Navy's Long-Range Anti-Ship Missile clears critical design review


The Navy's new anti-ship missile program, being developed under an accelerated acquisition path, has cleared its critical design review, and officials are now preparing to assess whether the weapon is ready to enter initial production later this year.

The service's Offensive Anti-Surface Warfare (OASuW) Increment 1 program office and Lockheed Martin are developing the Long-Range Anti-Ship Missile (LRASM) to meet an urgent operational need from U.S. Pacific Command. The missile is expected to be fielded on Air Force B-1B bombers by the end of 2018 and on Navy F/A-18 E/F Super Hornets by the end of 2019. The missile is a modified version of Lockheed's Joint Air-to-Surface Standoff Missile-Extended Range, which has been fielded on Air Force aircraft since 2014.

In June, the Navy's LRASM program office held the critical design review for the missile, and the Navy expects to complete all actions directed from the meeting by the end of July, Capt. Todd Huber, director for the LRASM program, wrote in a July 14 email to Inside Defense.

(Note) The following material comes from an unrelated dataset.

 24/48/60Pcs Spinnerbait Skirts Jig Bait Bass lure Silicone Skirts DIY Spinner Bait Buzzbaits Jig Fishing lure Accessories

The next major event in the program is the production readiness review, on track for the first quarter of fiscal year 2017, according to Huber. The production review coincides with "Knowledge Point 4" of the program, which will support the procurement decision for the Air Force's initial missiles, according to budget justification documents. The accelerated project uses a series of knowledge points, rather than the traditional program milestones, to support decisions regarding significant events, according to the budget justification.

"The knowledge points are similar to acquisition milestone reviews, but occur more frequently," the documents state.

A Lockheed spokeswoman confirmed the successful critical design review and said the program is on track.

"Lockheed Martin and the LRASM Deployment Office successfully conducted our planned Critical Design Review last month," company spokeswoman Melissa Hilliard wrote in a July 18 email to Inside Defense. "This review was a key milestone in maturation and fielding of the LRASM system, leading up to the on-schedule Early Operational Capability on the USAF B-1B in 2018 and USN F/A-18E/F in 2019."

A Government Accountability Office report on LRASM found the Navy has leveraged JASSM-ER's design to reduce risk in the accelerated program. The anti-ship missile's design is 88 percent common with JASSM-ER, according to the March 31 report.

But the audit, performed in January, raised questions about the maturity of the critical technologies used in the LRASM program. Only one -- algorithms for electro-optical sensing -- had been demonstrated in a relevant environment, according to GAO. The other five -- a radio frequency sensor, autorouter software, low-altitude control, multi-target track and simultaneous time-of-arrival algorithms -- were deemed immature at the time of GAO's review.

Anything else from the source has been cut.